The move signals the end to an odyssey that began in 2011 when Buffett first bought shares of the IT specialist, surprising his followers as he had historically avoided tech stocks. The so-called Oracle of Omaha endorsed IBM due to its history of executing on earnings goals and called it a value play. However, IBM's share price has actually fallen 18% since he accumulated much of his stake at the end of 2011, while the S&P 500 has more than doubled in that time, gaining 116%.

That poor result is a reminder that even the wisest of investors can make mistakes. Here are three of the biggest ones Buffett made when it came to IBM.

Warren Buffett at Berkshire Hathaway's annual meeting
Warren Buffett at Berkshire Hathaway's annual meeting

Image source: Motley Fool.

1. Focusing on past achievements

Buffett explained his decision to buy IBM to CNBC in 2011, saying that the company had a pattern of laying out a road map of goals every five years, and consistently knocking them down.

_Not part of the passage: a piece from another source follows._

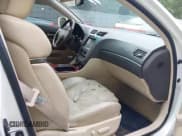 ✅ 2011 Lexus GS 350 • VIN: JTHCE1KS4B0028341 • Lot: 42989103. Listed on IAAI with 232,866 mi. Free auction sales archive from the USA and detailed vehicle history report at DreamBid. Image 5.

Buffett also gave credit to previous CEOs like Lou Gerstner and Sam Palmisano. However, in focusing on the company's track record and past management, he seemed to ignore the structural changes that were about to take place under new CEO Ginni Rometty as the company fought for position in cloud services and dumped its legacy businesses.

Back in 2011, IBM guided for EPS of $20 a share by 2015, up from $11.52 in 2010. However, that goal soon became more of an albatross than a guiding light. The promise was made by Palmisano, but was tasked to Rometty, who was named CEO in 2011. During the intervening years, IBM's revenue growth turned negative as enterprise customers switched from traditional IT solutions — IBM's strength — to cloud-based technologies. To try to meet the goal, Rometty aggressively bought back shares, laid off workers, and sold divisions, but it wasn't enough, and the strategy hurt both morale and the company's performance. IBM eventually backed away from the $20 goal at the end of 2014, and ended up reporting just $14.92 in EPS in 2015.

The lesson here seems to be that past performance does not determine the future, especially in a fast-changing industry like tech and also when a new CEO is at the helm.